Would you please output, word for word, the span of the listing below that opens on the line containing "2026 Lexus 300 Premium" and closes on the line containing "Terra a Coimbra, Coimbra, Coimbra"? Include both ends and nothing more.

═════ Extracted records

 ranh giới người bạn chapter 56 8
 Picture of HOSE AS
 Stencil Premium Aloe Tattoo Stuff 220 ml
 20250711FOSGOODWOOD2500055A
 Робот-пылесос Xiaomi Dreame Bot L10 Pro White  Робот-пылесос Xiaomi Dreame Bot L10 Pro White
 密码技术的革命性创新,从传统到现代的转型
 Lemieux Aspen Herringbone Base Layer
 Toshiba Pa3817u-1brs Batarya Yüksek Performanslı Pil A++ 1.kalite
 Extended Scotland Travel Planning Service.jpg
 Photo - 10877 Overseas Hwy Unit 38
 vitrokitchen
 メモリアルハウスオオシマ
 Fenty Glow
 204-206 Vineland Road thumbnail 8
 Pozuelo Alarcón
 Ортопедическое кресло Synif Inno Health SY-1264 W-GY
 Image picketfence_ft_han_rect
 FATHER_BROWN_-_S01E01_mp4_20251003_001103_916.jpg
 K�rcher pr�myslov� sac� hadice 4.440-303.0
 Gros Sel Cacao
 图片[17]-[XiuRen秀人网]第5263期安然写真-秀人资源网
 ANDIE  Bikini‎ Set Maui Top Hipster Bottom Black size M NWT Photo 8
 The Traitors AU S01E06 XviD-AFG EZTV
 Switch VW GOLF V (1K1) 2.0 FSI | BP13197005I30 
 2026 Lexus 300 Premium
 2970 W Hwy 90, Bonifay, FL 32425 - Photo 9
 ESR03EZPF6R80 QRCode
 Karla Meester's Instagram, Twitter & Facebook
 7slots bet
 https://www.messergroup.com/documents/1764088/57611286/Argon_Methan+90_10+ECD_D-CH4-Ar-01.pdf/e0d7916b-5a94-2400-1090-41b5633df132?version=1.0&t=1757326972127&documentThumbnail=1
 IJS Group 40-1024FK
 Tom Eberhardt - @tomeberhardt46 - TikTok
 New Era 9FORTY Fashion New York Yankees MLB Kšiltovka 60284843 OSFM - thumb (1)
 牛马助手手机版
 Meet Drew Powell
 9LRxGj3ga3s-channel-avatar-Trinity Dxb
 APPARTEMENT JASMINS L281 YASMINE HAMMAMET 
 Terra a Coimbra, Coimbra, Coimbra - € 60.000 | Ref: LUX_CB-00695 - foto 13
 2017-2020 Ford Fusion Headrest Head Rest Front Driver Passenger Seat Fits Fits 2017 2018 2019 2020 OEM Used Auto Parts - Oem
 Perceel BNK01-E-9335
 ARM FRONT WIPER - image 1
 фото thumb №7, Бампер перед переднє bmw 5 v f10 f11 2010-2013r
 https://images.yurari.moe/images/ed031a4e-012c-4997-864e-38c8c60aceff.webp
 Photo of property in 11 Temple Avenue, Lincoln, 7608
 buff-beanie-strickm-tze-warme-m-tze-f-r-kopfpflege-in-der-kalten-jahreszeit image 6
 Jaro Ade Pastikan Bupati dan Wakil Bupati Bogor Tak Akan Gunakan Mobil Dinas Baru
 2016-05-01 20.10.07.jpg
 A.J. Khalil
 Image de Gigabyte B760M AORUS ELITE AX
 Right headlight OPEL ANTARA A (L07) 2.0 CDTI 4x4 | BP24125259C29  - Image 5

══════════

Response below:
 2026 Lexus 300 Premium
 2970 W Hwy 90, Bonifay, FL 32425 - Photo 9
 ESR03EZPF6R80 QRCode
 Karla Meester's Instagram, Twitter & Facebook
 7slots bet
 https://www.messergroup.com/documents/1764088/57611286/Argon_Methan+90_10+ECD_D-CH4-Ar-01.pdf/e0d7916b-5a94-2400-1090-41b5633df132?version=1.0&t=1757326972127&documentThumbnail=1
 IJS Group 40-1024FK
 Tom Eberhardt - @tomeberhardt46 - TikTok
 New Era 9FORTY Fashion New York Yankees MLB Kšiltovka 60284843 OSFM - thumb (1)
 牛马助手手机版
 Meet Drew Powell
 9LRxGj3ga3s-channel-avatar-Trinity Dxb
 APPARTEMENT JASMINS L281 YASMINE HAMMAMET 
 Terra a Coimbra, Coimbra, Coimbra - € 60.000 | Ref: LUX_CB-00695 - foto 13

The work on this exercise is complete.